▶ _Crawled caption data_

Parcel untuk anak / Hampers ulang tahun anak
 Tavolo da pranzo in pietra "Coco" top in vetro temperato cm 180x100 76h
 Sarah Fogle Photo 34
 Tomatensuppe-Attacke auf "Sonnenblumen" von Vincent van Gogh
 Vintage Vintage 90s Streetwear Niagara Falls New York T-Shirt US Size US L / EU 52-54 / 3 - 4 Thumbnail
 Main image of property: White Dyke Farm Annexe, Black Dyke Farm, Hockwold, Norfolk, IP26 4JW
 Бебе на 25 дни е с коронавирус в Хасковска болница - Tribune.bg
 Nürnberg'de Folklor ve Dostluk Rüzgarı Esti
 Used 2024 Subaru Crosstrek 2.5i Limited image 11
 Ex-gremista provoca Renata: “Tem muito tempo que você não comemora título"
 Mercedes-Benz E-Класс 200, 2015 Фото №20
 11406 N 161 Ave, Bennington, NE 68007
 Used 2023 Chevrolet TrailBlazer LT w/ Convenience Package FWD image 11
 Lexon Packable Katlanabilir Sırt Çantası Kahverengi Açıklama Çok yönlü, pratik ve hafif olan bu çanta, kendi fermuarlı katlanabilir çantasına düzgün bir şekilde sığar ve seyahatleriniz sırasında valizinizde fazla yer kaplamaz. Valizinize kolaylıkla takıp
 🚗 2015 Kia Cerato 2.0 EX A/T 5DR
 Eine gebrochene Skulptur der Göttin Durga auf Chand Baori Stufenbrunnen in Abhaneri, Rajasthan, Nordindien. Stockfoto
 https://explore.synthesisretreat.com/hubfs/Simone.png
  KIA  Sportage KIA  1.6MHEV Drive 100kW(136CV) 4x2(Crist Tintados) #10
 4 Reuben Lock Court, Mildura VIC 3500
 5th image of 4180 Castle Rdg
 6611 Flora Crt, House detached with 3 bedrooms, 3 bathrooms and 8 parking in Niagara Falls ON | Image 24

▶ _WHAT YOU WILL DO_
The whole set of records needs to be written out exactly.

▶ _EXERCISE OUTPUT_
Parcel untuk anak / Hampers ulang tahun anak
 Tavolo da pranzo in pietra "Coco" top in vetro temperato cm 180x100 76h
 Sarah Fogle Photo 34
 Tomatensuppe-Attacke auf "Sonnenblumen" von Vincent van Gogh
 Vintage Vintage 90s Streetwear Niagara Falls New York T-Shirt US Size US L / EU 52-54 / 3 - 4 Thumbnail
 Main image of property: White Dyke Farm Annexe, Black Dyke Farm, Hockwold, Norfolk, IP26 4JW
 Бебе на 25 дни е с коронавирус в Хасковска болница - Tribune.bg
 Nürnberg'de Folklor ve Dostluk Rüzgarı Esti
 Used 2024 Subaru Crosstrek 2.5i Limited image 11
 Ex-gremista provoca Renata: “Tem muito tempo que você não comemora título"
 Mercedes-Benz E-Класс 200, 2015 Фото №20
 11406 N 161 Ave, Bennington, NE 68007
 Used 2023 Chevrolet TrailBlazer LT w/ Convenience Package FWD image 11
 Lexon Packable Katlanabilir Sırt Çantası Kahverengi Açıklama Çok yönlü, pratik ve hafif olan bu çanta, kendi fermuarlı katlanabilir çantasına düzgün bir şekilde sığar ve seyahatleriniz sırasında valizinizde fazla yer kaplamaz. Valizinize kolaylıkla takıp
 🚗 2015 Kia Cerato 2.0 EX A/T 5DR
 Eine gebrochene Skulptur der Göttin Durga auf Chand Baori Stufenbrunnen in Abhaneri, Rajasthan, Nordindien. Stockfoto
 https://explore.synthesisretreat.com/hubfs/Simone.png
  KIA  Sportage KIA  1.6MHEV Drive 100kW(136CV) 4x2(Crist Tintados) #10
 4 Reuben Lock Court, Mildura VIC 3500
 5th image of 4180 Castle Rdg
 6611 Flora Crt, House detached with 3 bedrooms, 3 bathrooms and 8 parking in Niagara Falls ON | Image 24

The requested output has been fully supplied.